TASK BRIEF
Your job is to retype all of the data word for word, leaving every image out.

GIVEN MATERIAL
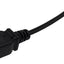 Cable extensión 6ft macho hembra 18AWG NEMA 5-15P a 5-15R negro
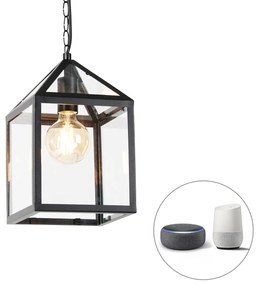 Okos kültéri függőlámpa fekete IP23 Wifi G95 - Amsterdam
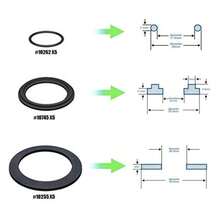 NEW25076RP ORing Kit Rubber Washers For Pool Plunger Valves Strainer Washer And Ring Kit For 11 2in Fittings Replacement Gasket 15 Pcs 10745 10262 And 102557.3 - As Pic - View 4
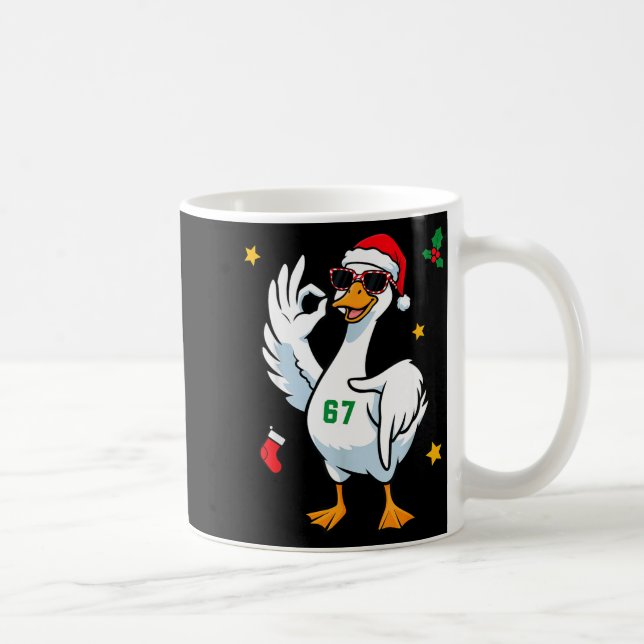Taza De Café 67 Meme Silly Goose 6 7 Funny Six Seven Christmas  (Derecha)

TASK OUTPUT
 Cable extensión 6ft macho hembra 18AWG NEMA 5-15P a 5-15R negro
 Okos kültéri függőlámpa fekete IP23 Wifi G95 - Amsterdam
 NEW25076RP ORing Kit Rubber Washers For Pool Plunger Valves Strainer Washer And Ring Kit For 11 2in Fittings Replacement Gasket 15 Pcs 10745 10262 And 102557.3 - As Pic - View 4
Taza De Café 67 Meme Silly Goose 6 7 Funny Six Seven Christmas  (Derecha)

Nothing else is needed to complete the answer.